HB2496
schools; energy and water savings (Mason, J. Burns, Aboud, et al.), having passed the House 56-3, now awaits action by the
Senate Committee of the Whole. Every citizen concerned with the environment and energy independence should encourage its passage. The bill creates an incentive for installing energy and water saving systems and techniques.
Schools will be allowed to borrow the estimated cost savings from more efficient systems over a ten year horizon to invest in the new energy or water saving measures that make those savings possible. Financing from utility companies and system vendors will pay for the water and energy saving systems, with performance guarantees that ensure taxpayers don’t pay if the vendors’ estimates are inaccurate.
This mechanism provides an opportunity for schools to invest in cost-effective measures
that save money, energy, and water with no additional expenditures by tax-payers.
The bill is a creative financing mechanism for existing schools that could save the state millions over the next decade without costing taxpayers a dime. The next measure that should be instituted in this area is life-cycle costing of new construction of schools and other public buildings. Instead of measuring the cost of a building by looking only at the cost of construction in isolation, public projects should be costed to include a reasonable period of operational costs.
For a public building, that period of operation is at least 20 years, and often considerably longer. But even at a 20 year operational horizon, the cost effectiveness of environmentally-friendly high energy and water efficient system become economically compelling. Structures using LEED guidelines for energy use and sustainability outperform less expensive (and less efficient) designs due to greatly lowered operational costs.

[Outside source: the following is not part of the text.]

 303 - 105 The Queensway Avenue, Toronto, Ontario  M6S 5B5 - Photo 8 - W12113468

By folding in at least a portion of the building’s total operational costs into the design parameters, state and local governments can achieve significant long-term cost efficiencies that benefit taxpayers. A very good in-depth discussion of the cost efficiencies of green buildings is provided by the report of California’s Sustainable Building Task Force (PDF).
In 2005, our Governor mandated by executive order (PDF) that all new buildings within the executive department be constructed using at minimum Silver LEED standards. It is time for the rest of our constitutional branches and local governments to follow suit in seizing the long-term cost savings such LEED rating provides.

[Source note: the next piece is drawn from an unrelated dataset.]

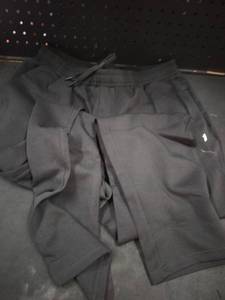 lot 6002 image: Northyard Menfts Shorts Size L Black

It is time to recognize that energy and water efficiency and sustainable development make better economic sense than ignoring future operational costs when planning for a new public structure. In fact, many high-efficiency features make economic sense over a time horizon of as little as 4-5 years, making them cost effective even for residential homes, whose average term of occupancy is about that length.
Sustainable building is cost effective; the challenge is now to get our public and financial institutions to recognize and act on that fact. Heck, it makes so much economic sense that even WalMart is now building green. If a bottom-line obsessed company like WalMart can see the befits, why can’t our governments?